Fanale also feels like he’s weathering a storm. At Dana-Farber, his initial course of treatment only worked for a few months. He’s now participating in a phase 1 trial that is studying the effects of giving treatment at different intervals. His doctors are monitoring disease progression and side effects.
So far, severe fatigue—which Fanale likens to feeling like he’s stuck in cement—has been a significant issue. So has peripheral neuropathy, which causes pain and tingling in the nerves of the hands and feet. He also suffers periodic nausea and gastrointestinal issues.
Other challenges have been mental. As he wrote in the editorial, he tries not to be overwhelmed by “scanxiety, where you live between scans, awaiting the next one’s results with great anxiety.” But it’s hard to cope.
“I’ve been going for 20 months now,” he told Ocean State Stories. “I’ve had probably 20 CT scans and MRIs. It’s a lot of work. The outcomes are great. But it does carry a price. For the patients and the caregivers.”
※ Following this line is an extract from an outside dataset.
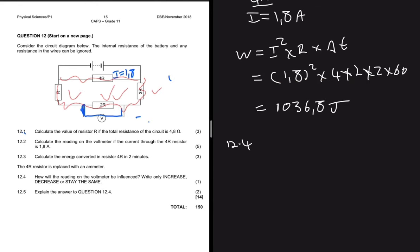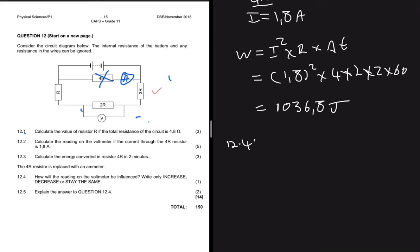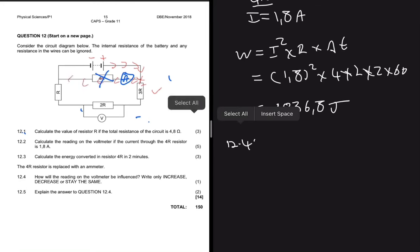For 12.4, the 4R resistor is replaced with an ammeter. An ammeter has negligible resistance, so connecting it in parallel will short circuit the circuit. The current from the positive terminal will take the path of least resistance — flowing through the ammeter — and will go down and back without passing through the 3R, 2R, or R resistors.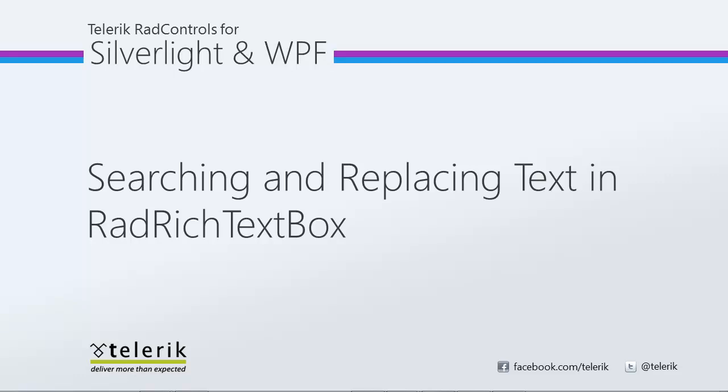Today we're going to look at searching and replacing text of the RAD Rich TextBox control. RAD Rich TextBox is part of Telerik RAD Controls for Silverlight WPF Control Suite for .NET XAML development.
That has motivated him to help educate other physicians about the reality of life on the other side of a cancer diagnosis. “I had seen lots of patients over the years. I thought I knew everything,” he says. “But I didn’t know anything about what the patients go through.”
He has written a book about his experiences, Onward: A Teaching And A Love Story—For Physicians And Everyone (all royalties are donated to Dana-Farber). He has also offered to speak about his experiences to medical students, residents, and physicians. In January, he’ll be giving a talk to the geriatrics faculty at the University of Massachusetts Chan Medical School.
Prevention of lung cancer and earlier detection would save more lives. Although Fanale never smoked, and Jody stopped decades ago, cigarette smoking causes 80% of lung cancers. According to the ALA, about 12.4% of people in Rhode Island continue to smoke, which matches the national average of 13.5%.
The United States Preventive Services Task Force recommends annual lung cancer screening with low-dose CT scans for people who:
- Are 50 to 80 years old
- Have a 20 pack-year smoking history (defined as one pack a day for 20 years, two packs a day for 10 years, etc.), and
- Currently smoke cigarettes or quit within the past 15 years
Medicare and most private insurers cover the cost of screening for people who meet these criteria. However, only a small proportion of people eligible for screening get it. The ALA reports that 9.1% of people at high risk for lung cancer in Rhode Island were screened. “We can probably save lives just by encouraging people who qualify for screening to get their screening,” says Abbas. “Just like people get mammograms. It is vitally important.”